Мне потребовался не один месяц тренировок, прежде чем Алекс был готов к тестам. Из-за того что во время тестов мы использовали много различных предметов, Алексу снова становилось скучно. Мы стремились поддержать его интерес, сочетая тесты на понимание понятий «same» (‘одинаковый’) / «different» (‘разный’) с обучением цифрам, названиям новых предметов, а также другим новым заданиям. Алекс был трудягой. В конце концов по прошествии трех часов он дал правильный ответ в отношении понятий «shape» (‘форма’) или «color» (‘цвет’). Мы также включили третью категорию признаков – «matter» (‘материал’). Когда мы давали Алексу два предмета, которые были новыми для него, и, например, он не мог назвать цвета этих предметов, в 85 % случаев он давал правильный ответ. Это хорошо характеризовало его способности. Новые задания, безусловно, привлекали его внимание – он лучше концентрировался.
Когда Дэвид Премак проводил подобные тесты с шимпанзе, у животного была задача идентифицировать объекты – показать одинаковые ли они или разные. В этих тестах Алекс продвинулся дальше. Он был способен сказать мне, что конкретно было общего или различного в предметах: цвет, форма или материал. Когда я направила результаты наших тестов на Конгресс международного приматологического общества (International Primatological Congress) в Гёттингене (Германия) в 1986 году, ведущий профессор-приматолог (мы называем его «Серебристая спина» (‘silverbacks’) – по аналогии с маркировкой ранга у самцов горилл) сказал: «Вы хотите сказать, что Ваш попугай способен делать то, что делают шимпанзе у Премака, только Ваш попугай может еще отвечать на более сложные вопросы в об этих предметах?»
Я ответила: «Да, именно так», – и подумала, какой же может быть реакция на мой ответ. Реакции не было. Профессор просто сказал: «Оооо» – и сел. Мне захотелось пропеть: «То, что делают обезьяны, Алекс делает лучше», – но я сдержалась. Кроме того, я не очень сильна в пении. Тем не менее этот момент был триумфом Алекса. Жаль, что он не присутствовал при этом.

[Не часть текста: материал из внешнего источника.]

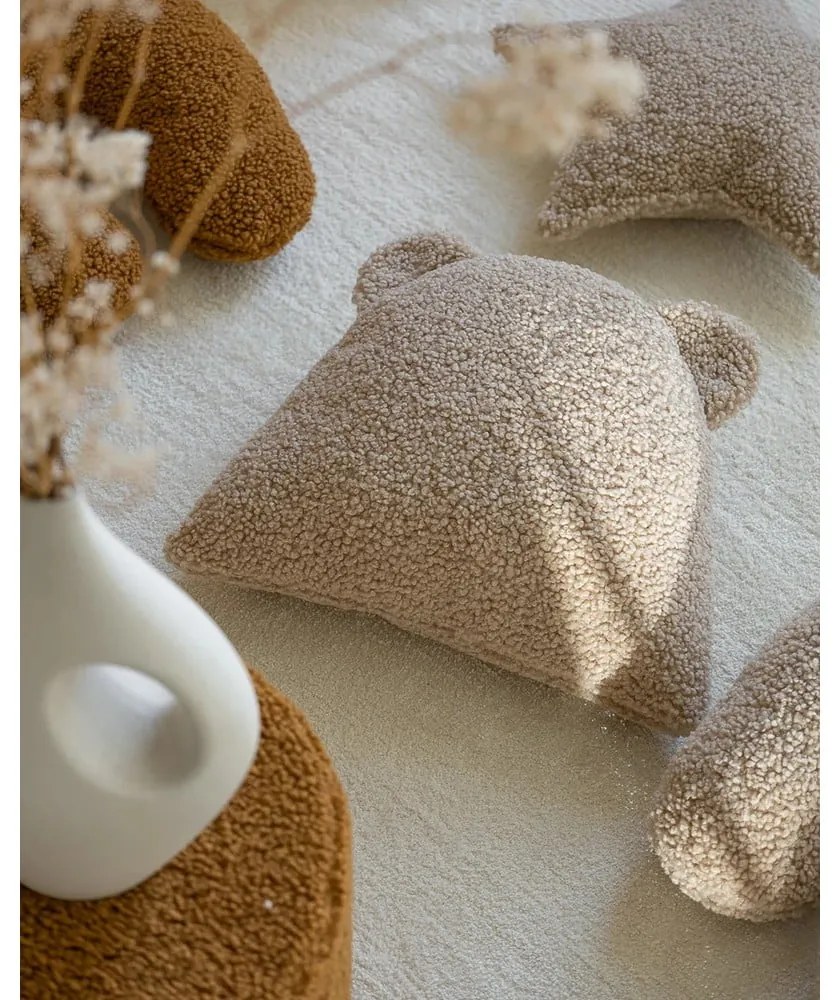 Svetlohnedý detský pohovkový vankúš z textílie buklé Bear – Wigiwama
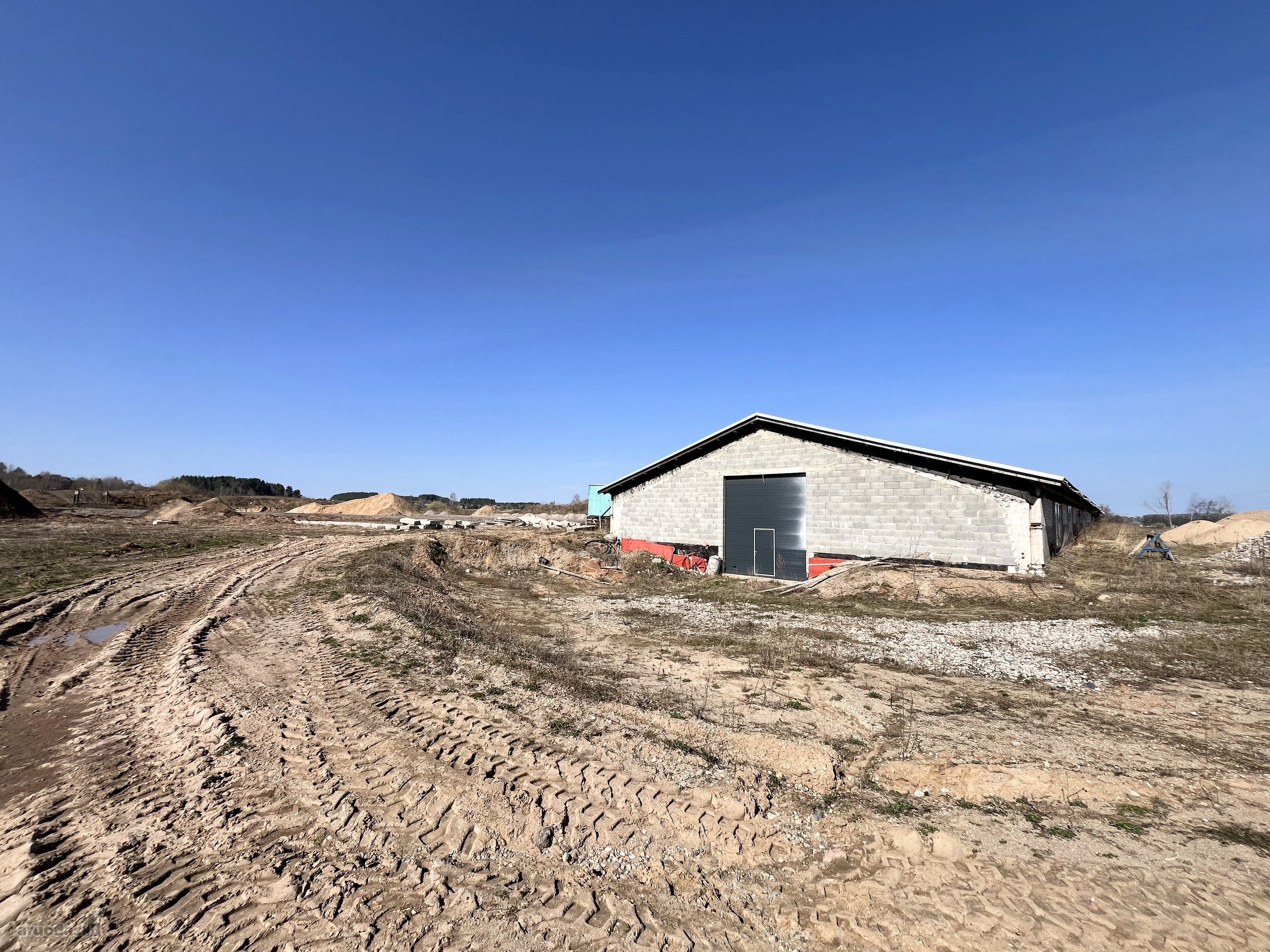 Nuomojamas 675 m² Mūrinis Sandėliavimo /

После успешного прохождения тестов с понятиями
Начало моей работы в Северо-Западном университете было хорошим: работа, деньги, полученные по гранту, потрясающие результаты работы с Алексом. Однако продлилось это недолго. Летом 1986 года я узнала, что моя заявка на грант от Национального научного фонда была одобрена (как ранее была одобрена заявка в Национальный институт психического здоровья), но у фонда не было средств, которые они могли бы перечислить мне. Я боялась, что мне, возможно, придется уехать из Северо-Западного университета. Глава департамента сказал мне, что ему, возможно, придется искать кого-то еще для чтения лекций о поведении животных: в отсутствие средств от гранта им нечем было мне платить. Отношения в пошатнувшемся браке были натянутыми. Дэвид сказал мне: «Ты неудачница. Почему ты не закроешь лабораторию и не найдешь настоящую работу? Нам нужны деньги, чтобы жить в Чикаго».
Я была очень зла, была похожа на вулкан, который вот-вот извергнется. Ничто не могло меня задеть больше, чем услышать, что я неудачница, что я должна отказаться от того, что составляло мою жизнь, отказаться от Алекса. Я изо всех сил искала возможности для продолжения своей работы: спрашивала друзей, заводила новые знакомства, спрашивала коллег по всей стране. Друзья в Кентукки сказали, что у них может быть место для меня, но лишь на год. Я похудела на 13 кг за три месяца. Мои друзья были моей единственной поддержкой, не считая Алекса.
Я проводила всё свое время в лаборатории, вечера тоже. Мы с Алексом отдыхали вместе каждый вечер, строили планы, Алекс чистил перышки, мы обменивались несколькими фразами, насколько это было возможно с компаньоном-птицей. Как и у всех серых попугаев, у Алекса было очень развито чувство эмпатии[2]
. Он чувствовал, когда мне было особенно грустно. В такие моменты он садился рядом со мной. Он просто был Алексом. Но не вредным Алексом, хозяином лаборатории, не требовательным. Просто Алексом, который сочувствует. Иногда он говорил: «You tickle» (‘Пощекочи меня’) – и наклонял голову, чтобы я могла погладить его. Когда я это делала, белая окантовка глаз становилась розовой, глаза закрывались.